Derivative of e 2x means we have to find the differentiation of e^2x. To understand we should first understand that the
differentiation of e^x is e^x. Now in this case x is replaced by the 2x. So now we will solve the differentiation of e^2x in this way:-
Let y =e^2x, y = e^z
Therefore, z = 2x.
We know that, dy/dx = (dy/dz). (dz/dx)
So dy/dz = e^z
And dz/dx = d (2x)/dx = 2
Hence dy/dx = e^z. 2
By substituting the value of x,
We get dy/dx = (e^2x). 2
This can be easily understood by the following below mentioned examples.
Question 1: Find the differentiation of 2 (e^2x) with respect to x.
Solution: Let y = 2 (e^2x).
We know that d (ky)/dx = k (dy/dx), Here k is constant
So d (2 (e^2x))/ dx = 2 (d (e^2x)/ dx) (Because here 2 is a constant term, hence it comes out from the derivative.

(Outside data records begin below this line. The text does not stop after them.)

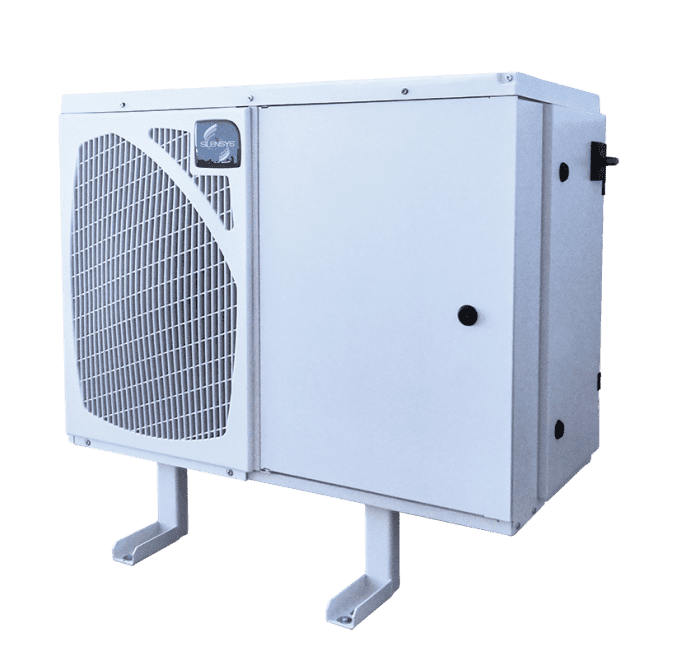 Tecumseh Verflüssigungssatz vollhermetisch Silensys SILAJ2440PFZ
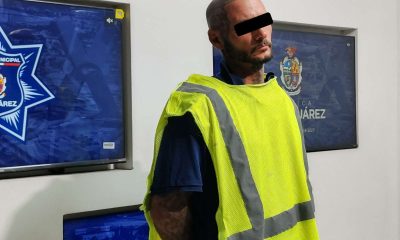 Detienen a estadounidense en Samalayuca, lo investigan por homicidio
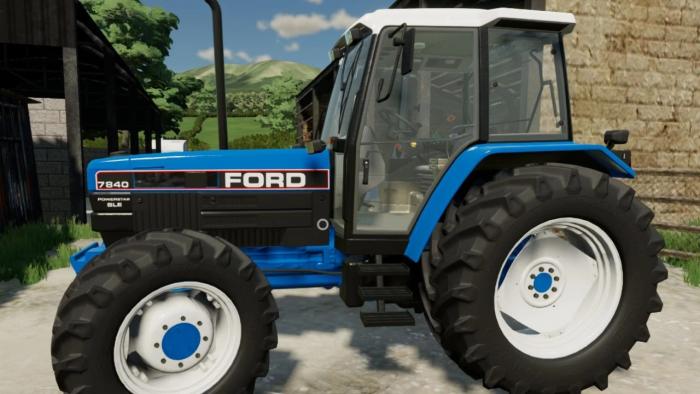 FORD 40 SERIES 6CYL OLD V1.0.0.0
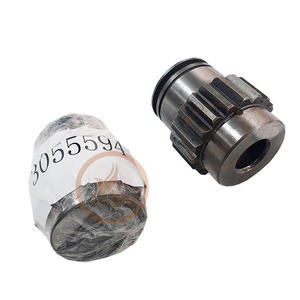 Pièces de machines de construction JISION EX100-2 EX100-3 EX120-2 EX120-3 EX120-5 Arbre d'engrenage d'excavatrice 2028798 3055594 3063840 3070443 - Product Image 3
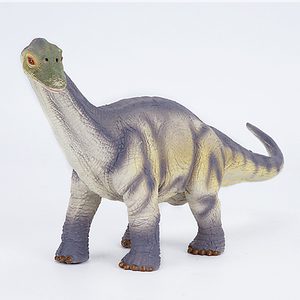 Figuras de Dinosaurios Realistas de PVC Ecológico de 14 Pulgadas, Modelo <span class=keywords><strong>Diplodocus</strong></span>, Juguetes de Animales Antiguos, Precio de Fábrica UCOK - Product Image 2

Therefore by definition dy/dx = 2 (e^2x) (2)
So dy/ dx = 4 (e^2x)
Hence, d (2 (e^2x))/ dx = 4 (e^2x).
Question 2: Find the differentiation of x + e^2x with respect to x.
Solution: Let y = x + e^2x
Now first of all we will apply the sum rule of differentiation,
Therefore, dy/dx = dx/dx + d (e^2x)/dx
So dy/dx = 1 + d (e^2x)/dx (Because dx and dx will cancels out)
After solving, dy/dx = 1 + 2 (e^2x)
Hence d(x + e^2x)/ dx = 1 + 2 (e^2x).